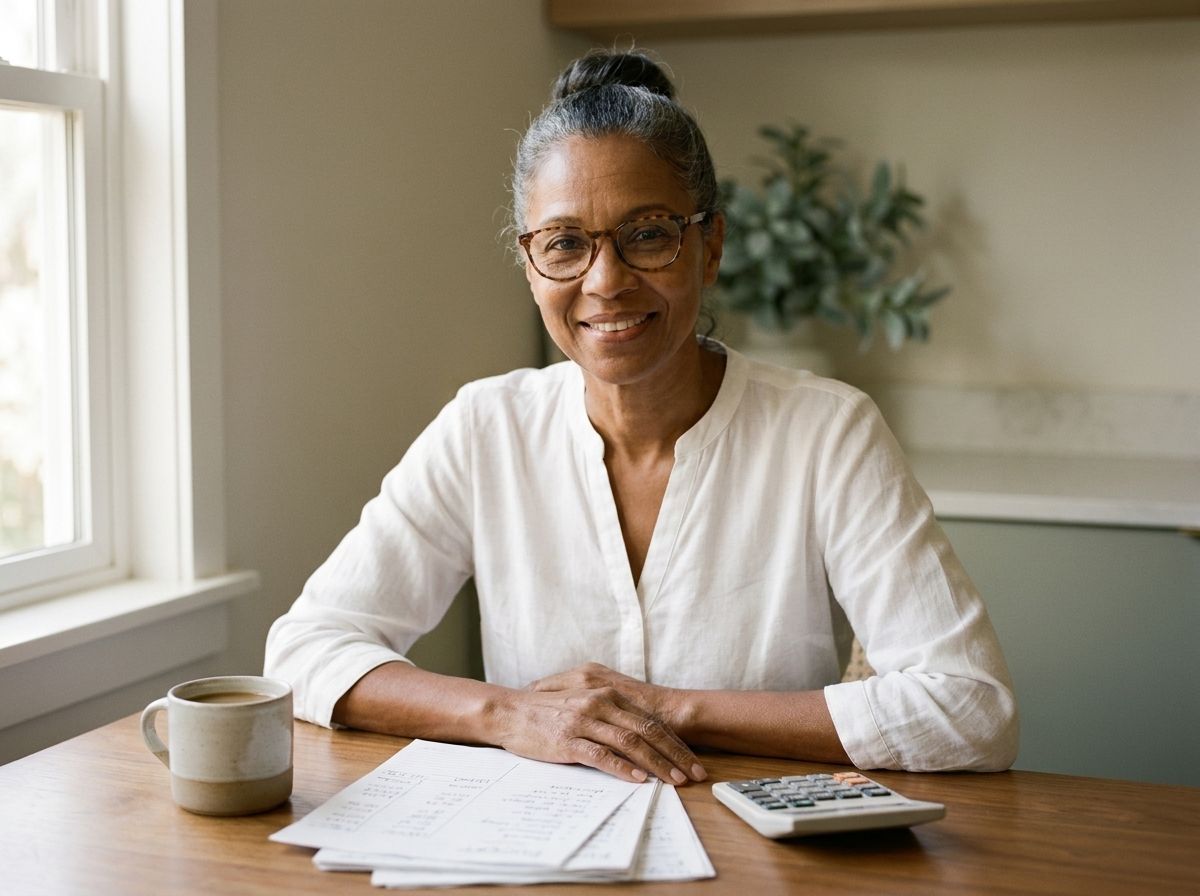 Maya Camp, your practical budget guide, helps turn one monthly number into a livable relocation plan.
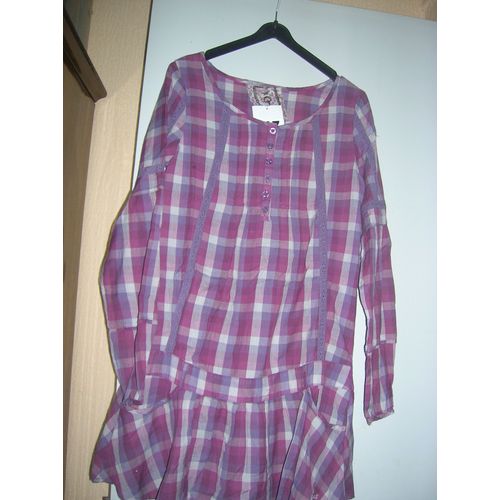 Tunique Caprice De Fille 14 Ans.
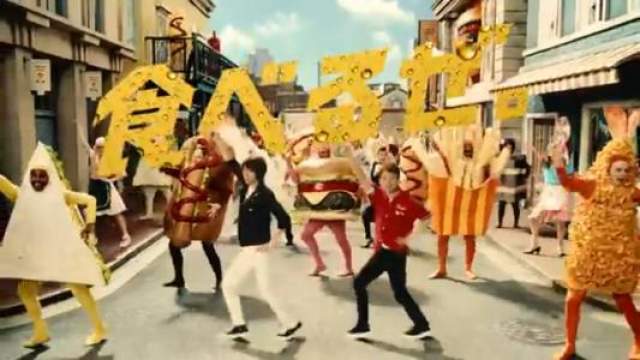 嵐 メッツコーラ Cm 嵐 大野智 相葉雅紀 キリン メッツ コーラ Cm フードダンス篇 食べるゼ 嵐 Cm Navi 嵐 メッツコーラ Cm 嵐 大野智 相葉雅紀 キリン メッツ コーラ Cm フードダンス篇 食べるゼ 嵐 Cm Navi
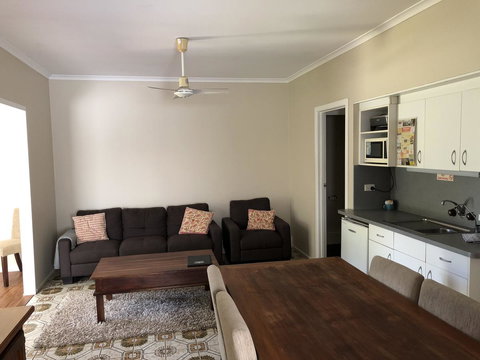Montville Holiday Apartments - Hotel QLD 15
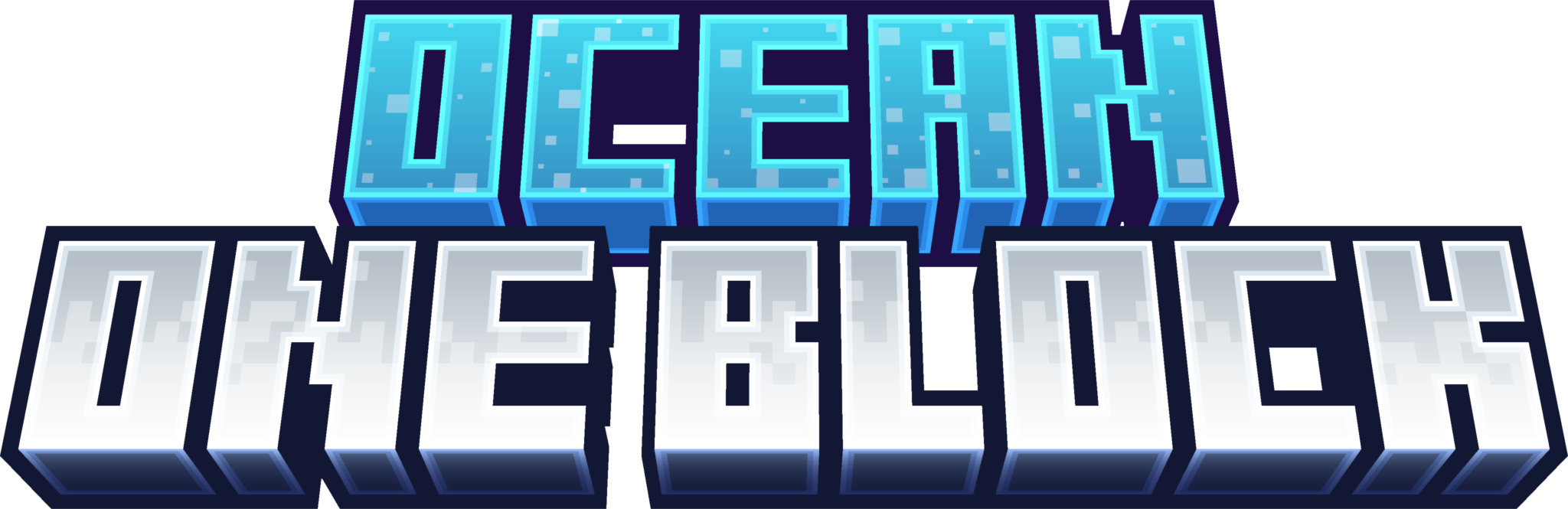 Ocean One Block starting challenge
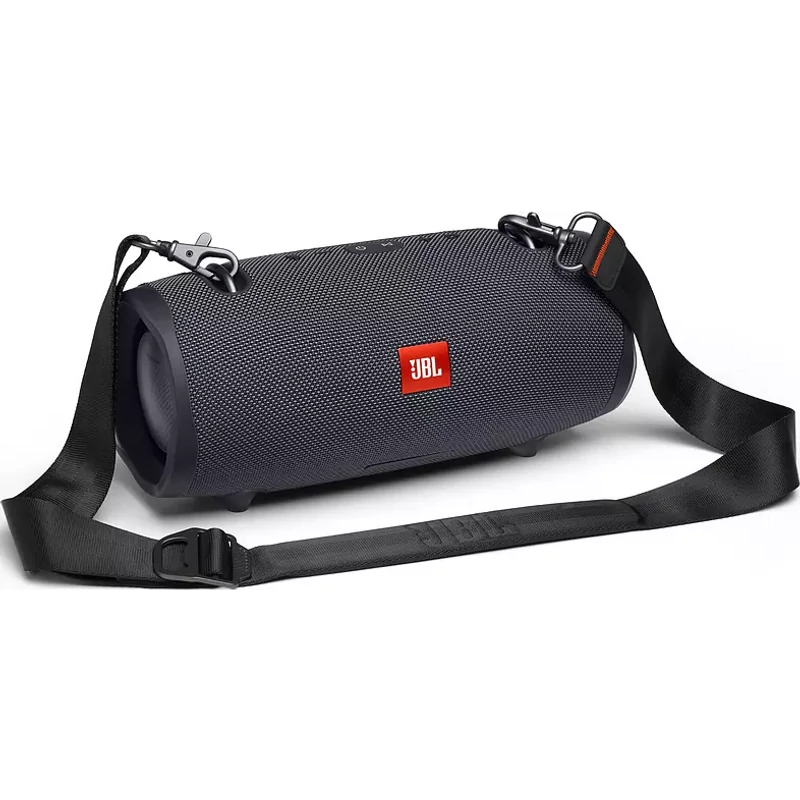 JBL Xtreme 2  vízálló bluetooth hangszóró (Gunmetal), szürke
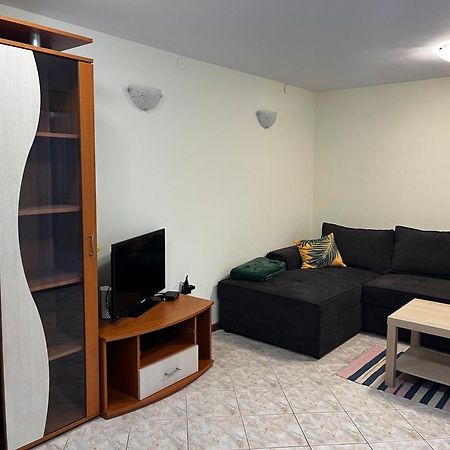 Green Central Apartment ヴァルナ エクステリア 写真
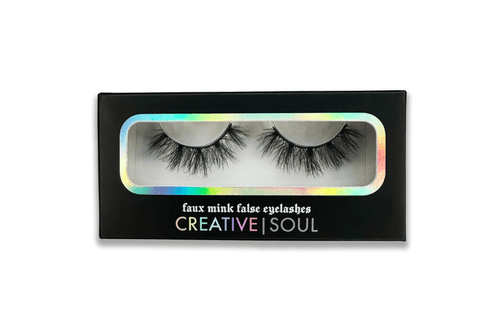 Spell - Faux Mink Lashes - Spirit Nest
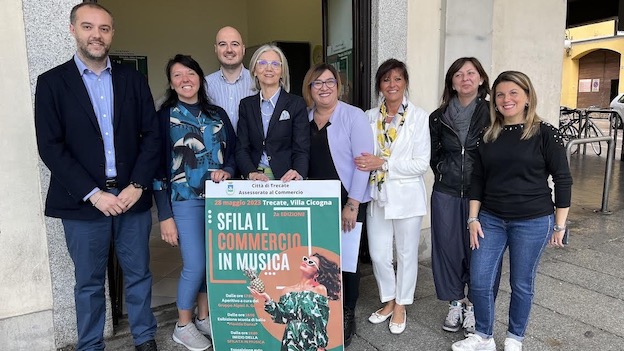 sfila commercio trecate 2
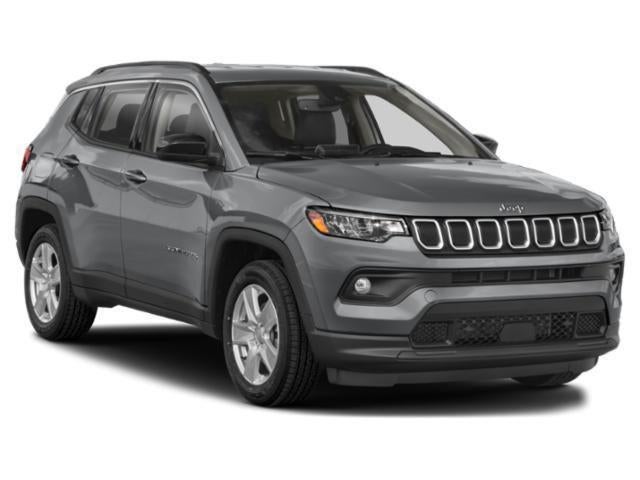 2023 Jeep Compass Sport 4x4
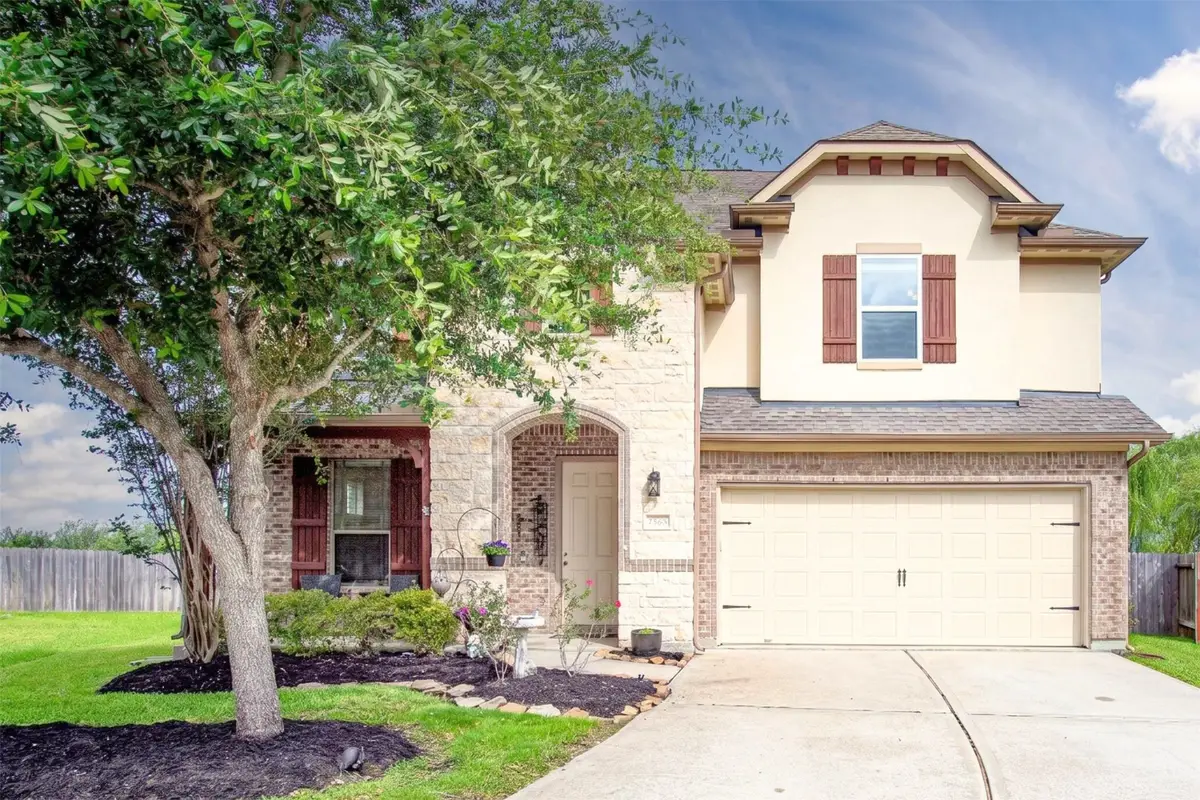 2302 Blue Jay Lane, Katy, TX 77494 - #1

-- YOUR ASSIGNMENT --
In the records above, locate the line with "2023 Jeep Compass Sport 4x4"; output it and each line after it through the last one, exactly, omitting pictures.

-- REPLY TO THE TASK --
 2023 Jeep Compass Sport 4x4
 2302 Blue Jay Lane, Katy, TX 77494 - #1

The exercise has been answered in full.